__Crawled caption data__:
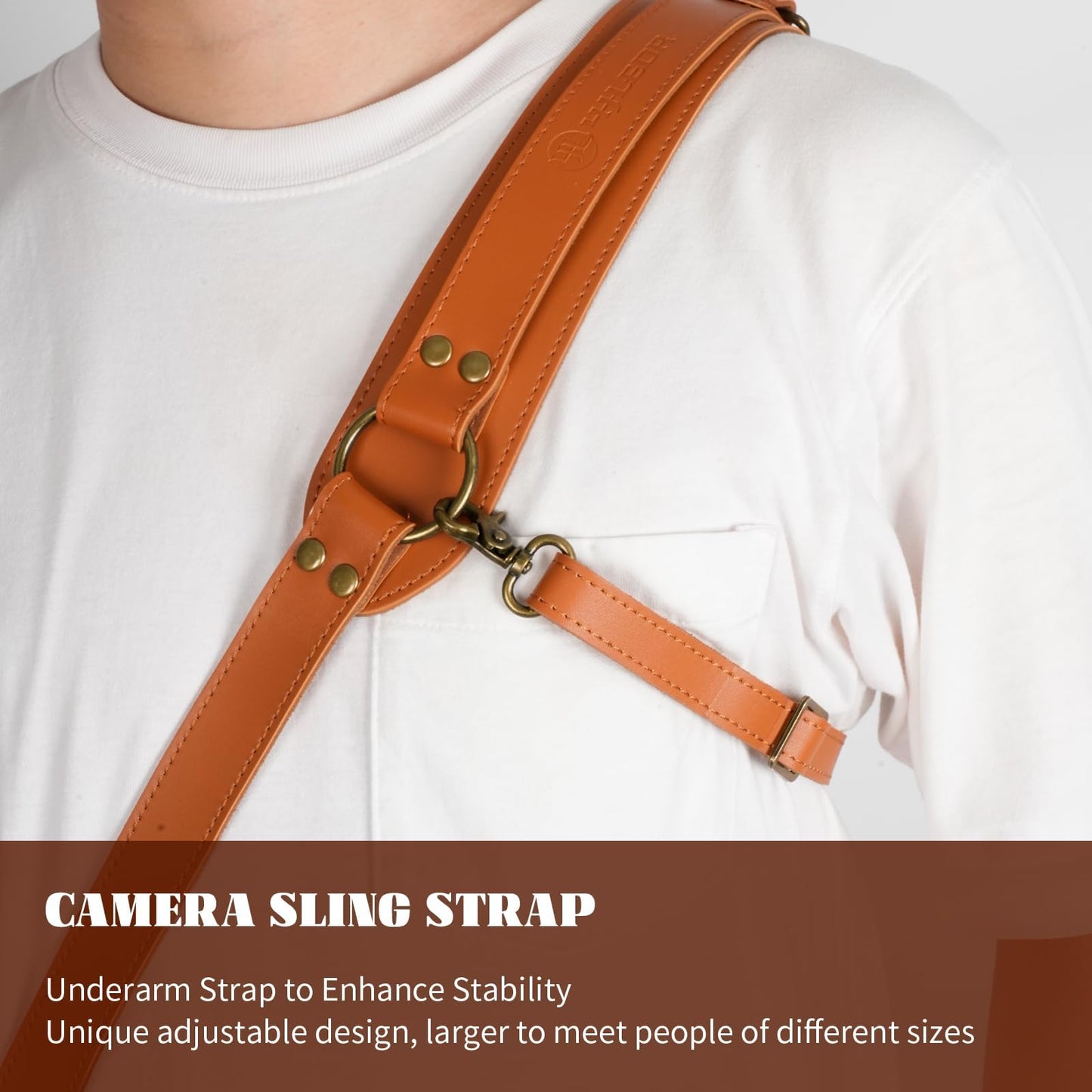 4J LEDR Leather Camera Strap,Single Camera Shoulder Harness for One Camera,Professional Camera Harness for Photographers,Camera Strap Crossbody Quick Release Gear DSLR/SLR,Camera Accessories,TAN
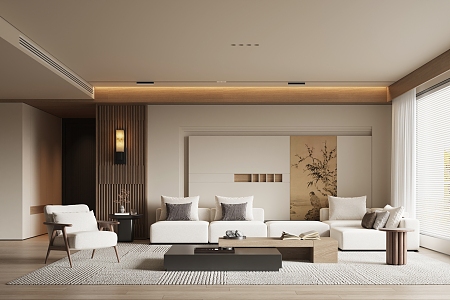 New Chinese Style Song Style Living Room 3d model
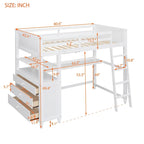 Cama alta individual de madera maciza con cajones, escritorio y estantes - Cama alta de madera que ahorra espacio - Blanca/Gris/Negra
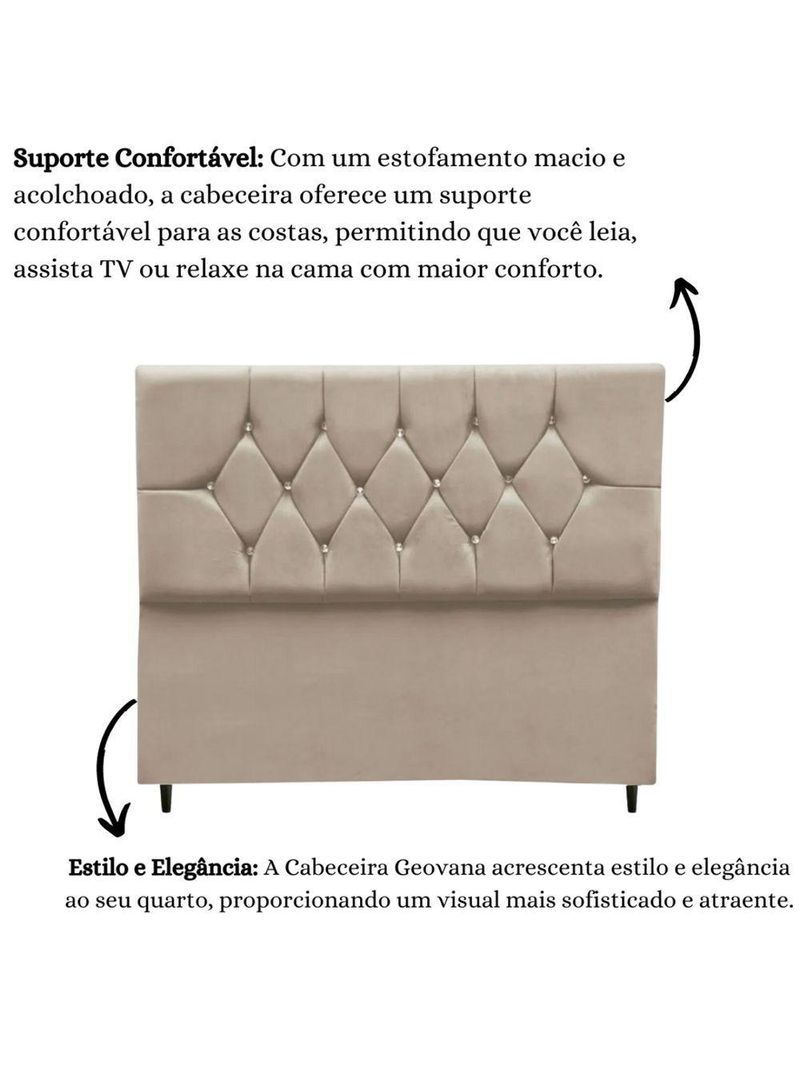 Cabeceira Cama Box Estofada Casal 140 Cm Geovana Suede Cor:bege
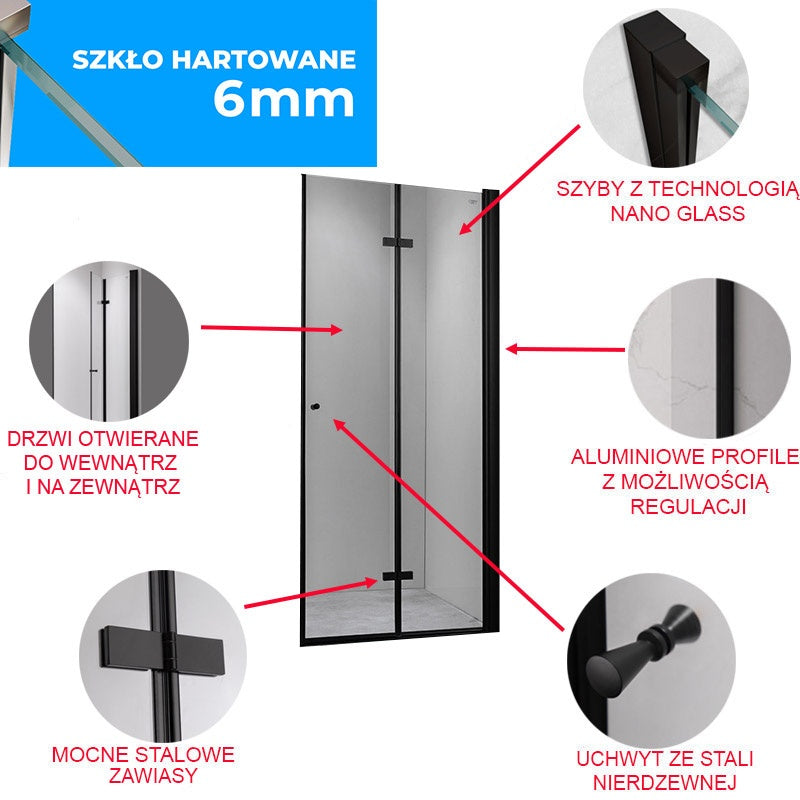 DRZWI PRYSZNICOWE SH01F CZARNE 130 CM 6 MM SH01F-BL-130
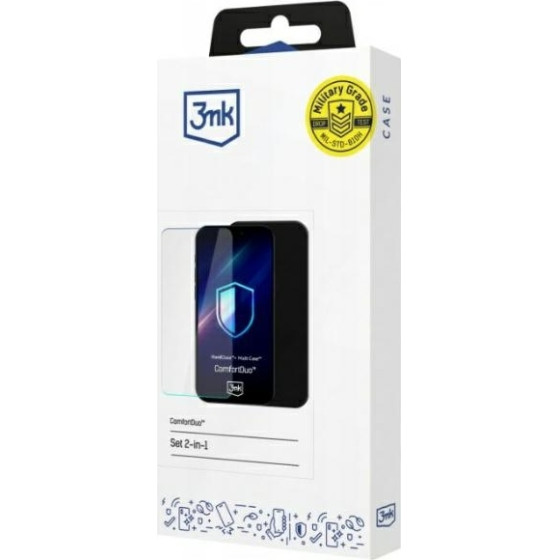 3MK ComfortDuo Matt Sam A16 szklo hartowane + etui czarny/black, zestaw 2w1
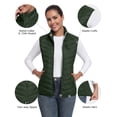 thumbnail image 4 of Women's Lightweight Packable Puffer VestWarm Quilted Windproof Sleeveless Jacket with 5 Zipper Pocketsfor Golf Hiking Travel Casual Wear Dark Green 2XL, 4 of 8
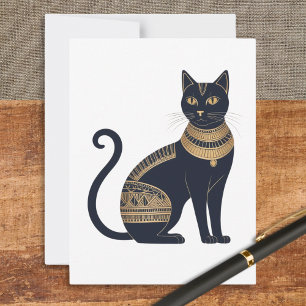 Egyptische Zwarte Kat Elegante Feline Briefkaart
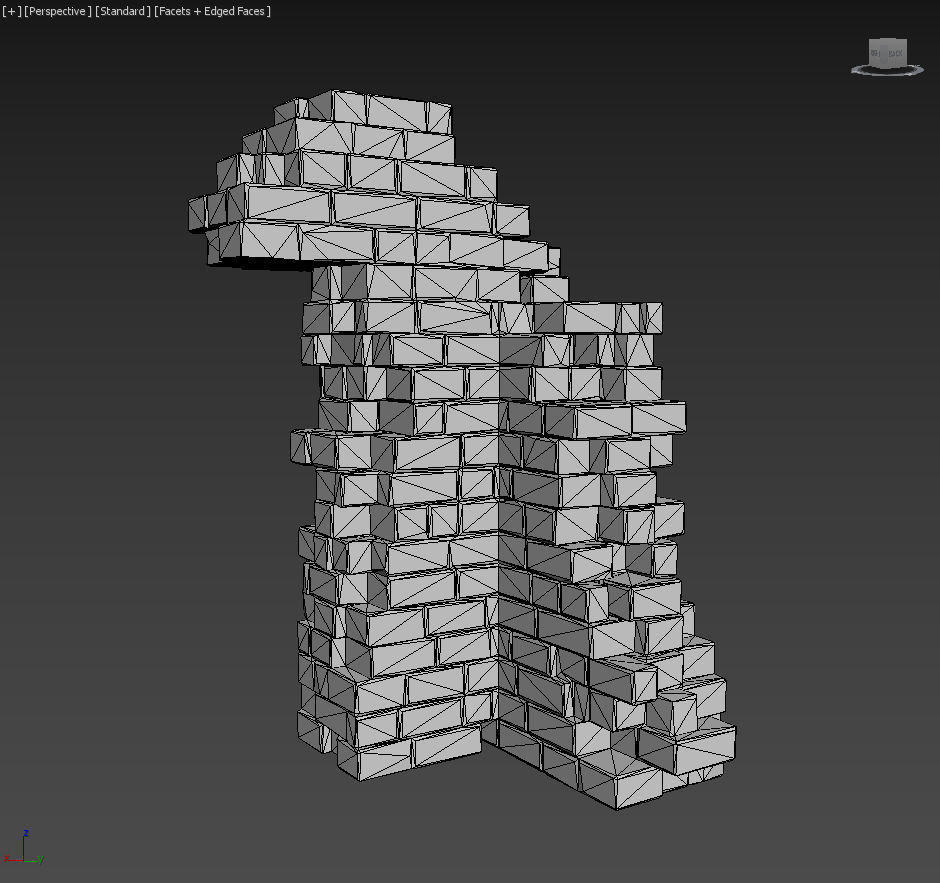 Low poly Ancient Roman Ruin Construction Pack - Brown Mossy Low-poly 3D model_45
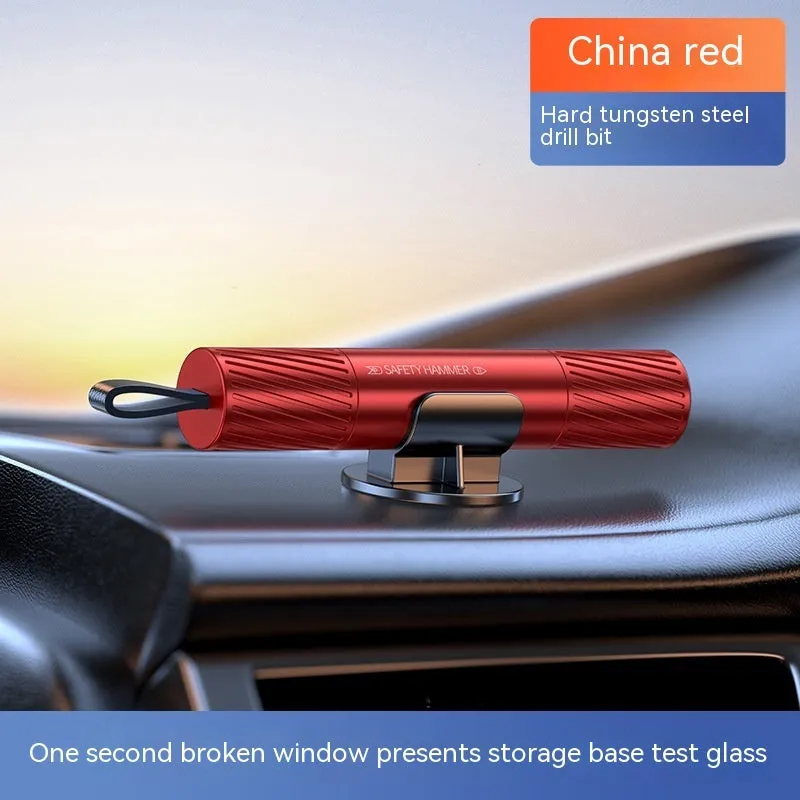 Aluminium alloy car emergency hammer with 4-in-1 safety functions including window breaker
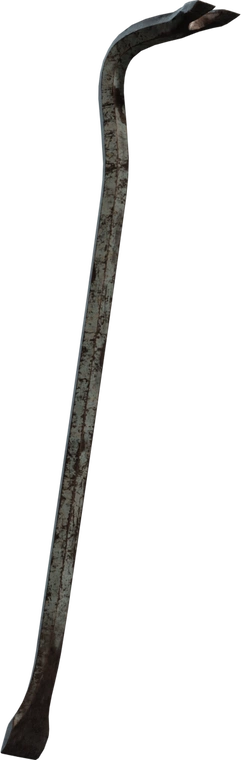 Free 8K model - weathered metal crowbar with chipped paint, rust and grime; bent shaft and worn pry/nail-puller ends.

__ASSIGNMENT__: Set down, exactly as written, each line from the one that contains "Aluminium alloy car" to the last line of the records, but none of the pictures.

__PROBLEM SOLUTION__:
 Aluminium alloy car emergency hammer with 4-in-1 safety functions including window breaker
 Free 8K model - weathered metal crowbar with chipped paint, rust and grime; bent shaft and worn pry/nail-puller ends.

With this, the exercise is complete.